And no, folks, out of respect for that repertoire, and some degree of thoughtfulness of those who are in no way done with those pieces, I am not going to name one piece or composer


----------



## Dustin (Mar 30, 2012)

ArtMusic said:


> I have not grown tired of Bach's famous six Brandenburg Concertos. Today these great concertos are the pinnacle concerti writing from the Baroque.
> 
> Likewise with Handel's twelve concertos, opus six.


The Brandenburg Concertos also came to my mind and I've only realized recently how brilliant Handel's Op. 6 is.

But for another couple, I'll say Mozart's Clarinet Concerto and Beethoven's 6th Symphony.


----------



## Ukko (Jun 4, 2010)

I have the advantage of a poor melody-memory, or at least it is poor enough that I can't hum many of them. To use a 'super-warhorse for example, as long as I can avoid hearing Beethoven's 5th for at least 3 years, the next time I listen to it I don't know what's coming next until it gets there.
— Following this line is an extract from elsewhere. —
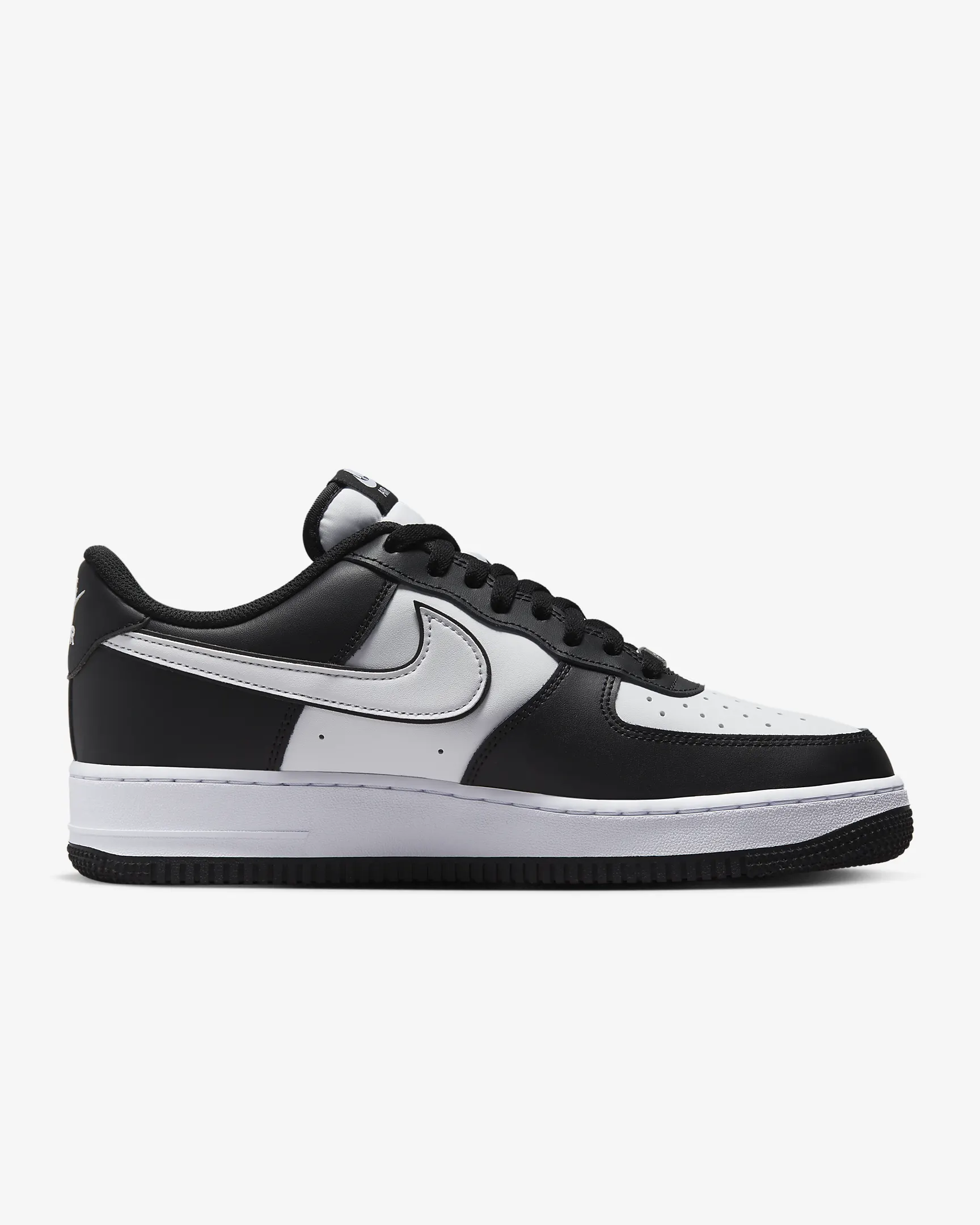 Nike (AirForce 1 07)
Same deal with novels I enjoy first time through, except it take around 5 years to make them fresh enough, and I have to lose more of the details in the interim.

The above is not caused by my brain shrinking, I've always been that way. Except for proper names; I used to be better at those. I'm just a lucky guy,eh.


----------



## elgar's ghost (Aug 8, 2010)

I don't listen to the radio much, classical stations or otherwise, so works which could be termed 'the usual suspects' aren't likely to grate due to overexposure or whatever. If I ever tire of a work then the buck will stop with me as I'm the only one who decides what I listen to.


----------



## starthrower (Dec 11, 2010)

Petroushka 
The Firebird 
Pathetique Sonata 
Prelude To The Afternoon Of A Faun
Peer Gynt
Capriccio Espagnol
Overture to Candide
Appalachian Spring
An American In Paris, Three Preludes


----------



## MoonlightSonata (Mar 29, 2014)

Beethoven: 5th and 9th symphonies, Pathétique and Moonlight piano sonatas
Mozart: 40th symphony, Eine Kleine Nachtmusik, overtures
Bach: Brandenberg Concerti, first prelude from WTC
Handel: Hallelujah Chorus from Messiah
Dvorak: New World Symphony and American quartet
Grieg: Piano concerto
Pachelbel: Canon in D
Schubert: Trout Quintet
Tchaikovsky: Nutcracker

Sorry to all those who hate these works.


----------



## GreenMamba (Oct 14, 2012)

Avey said:


> Well, here is the problem, right?: Classical radio -- not everywhere, but in some regions -- focus on these pieces. The pieces that are _always_ on the program, _always_ requested, continually get played. After some time, they do get tired and trite -- by no fault of their own. I could eat a blueberry scone everyday; but I choose to vary it up, for the sake of preserving that pleasure.
> 
> This is the same issue with performances. Like, why do quartets _always_ play Death and the Maiden when they visit here? Why does every house quartet decide to the do the Beethoven cycle this season and play Op. 130 and 131 by, according to the notes, random choice.
> 
> Hence, a "warhorse" is _exactly_ *the thing you only listen to*, simply because it is played _*all the time.*_ Does that make sense?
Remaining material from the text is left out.